Task: Starting with the line where "Boots Muratti Boots Muratti marron" appears, print every line through the end of the entries below exactly as it stands, and leave out the pictures.

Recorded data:
+===+

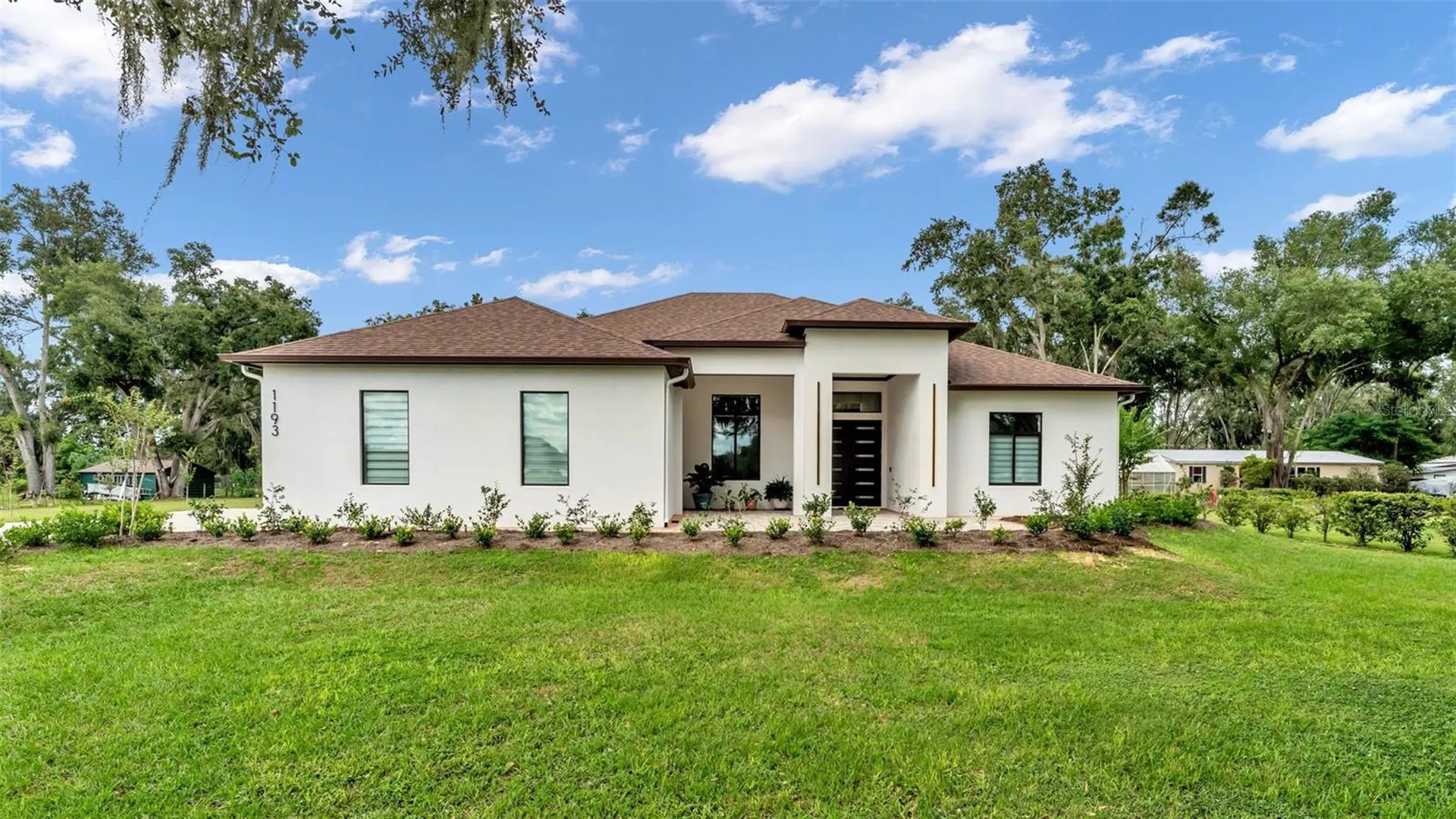 1193 Parker Road Lakeland FL 33811
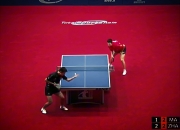 开云平台-比利时乒乓球队强势奥地利乒乓球队，马龙绝境逆转的简单介绍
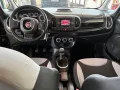 Fiat 500L Living 1.6 Multijet 105 CV Pop Star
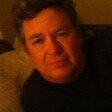 William Flanigan - @wmflanigan - Instagram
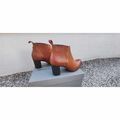 Boots Muratti Boots Muratti marron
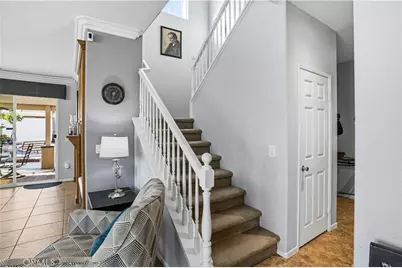 29183 Paperflower, Menifee, CA 92584 - Photo 29
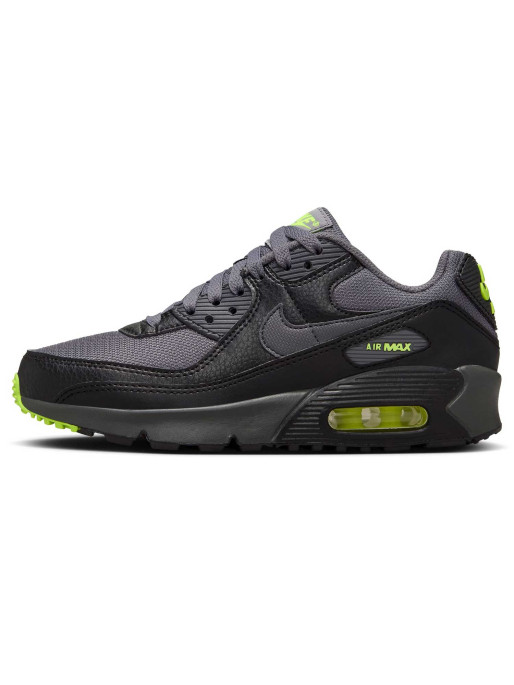 NIKE Incaltaminte Air Max 90 Nn Gs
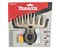Насадка для ножиць для трави MAKITA 195267-4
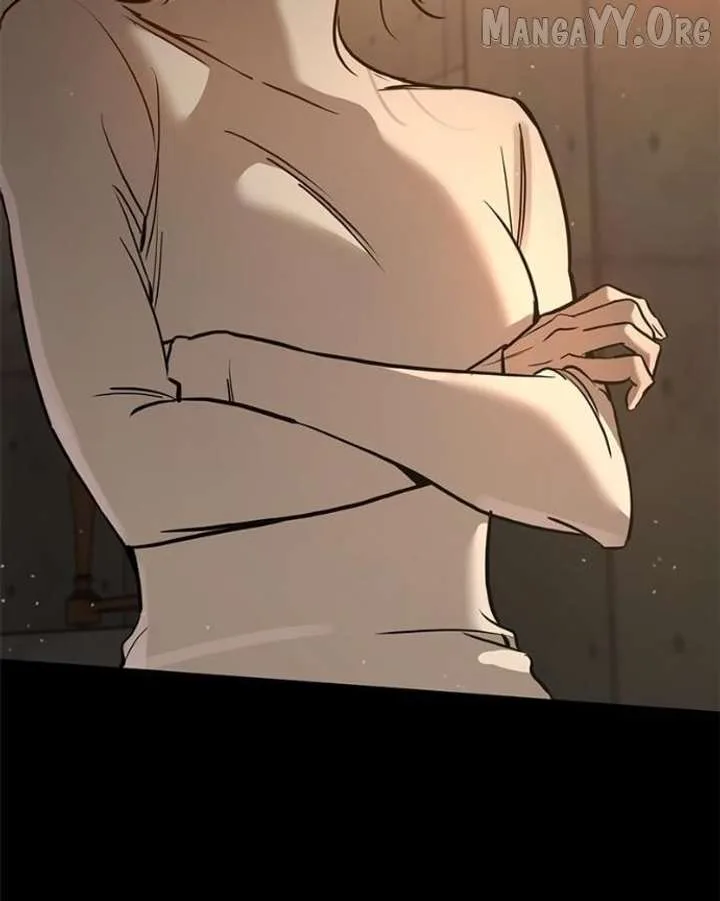 Beasts Chapter 41 page 8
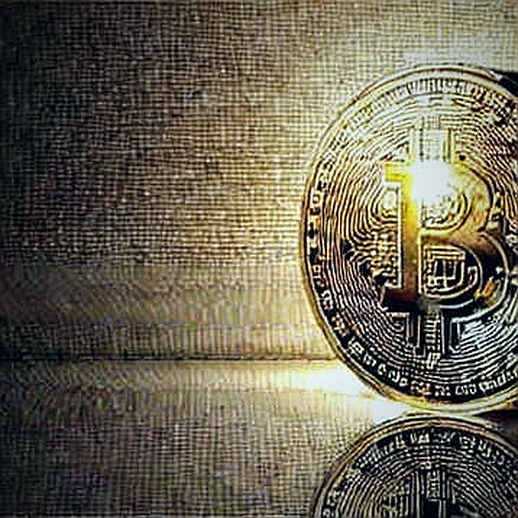 Galaxy’s Quantum Gambit: The Hidden Game Behind Bitcoin’s “Future-Proof” Upgrade Galaxy’s Quantum Gambit: The Hidden Game Behind Bitcoin’s “Future-Proof” Upgrade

+===+

Response:
 Boots Muratti Boots Muratti marron
 29183 Paperflower, Menifee, CA 92584 - Photo 29
 NIKE Incaltaminte Air Max 90 Nn Gs
Насадка для ножиць для трави MAKITA 195267-4
 Beasts Chapter 41 page 8
 Galaxy’s Quantum Gambit: The Hidden Game Behind Bitcoin’s “Future-Proof” Upgrade Galaxy’s Quantum Gambit: The Hidden Game Behind Bitcoin’s “Future-Proof” Upgrade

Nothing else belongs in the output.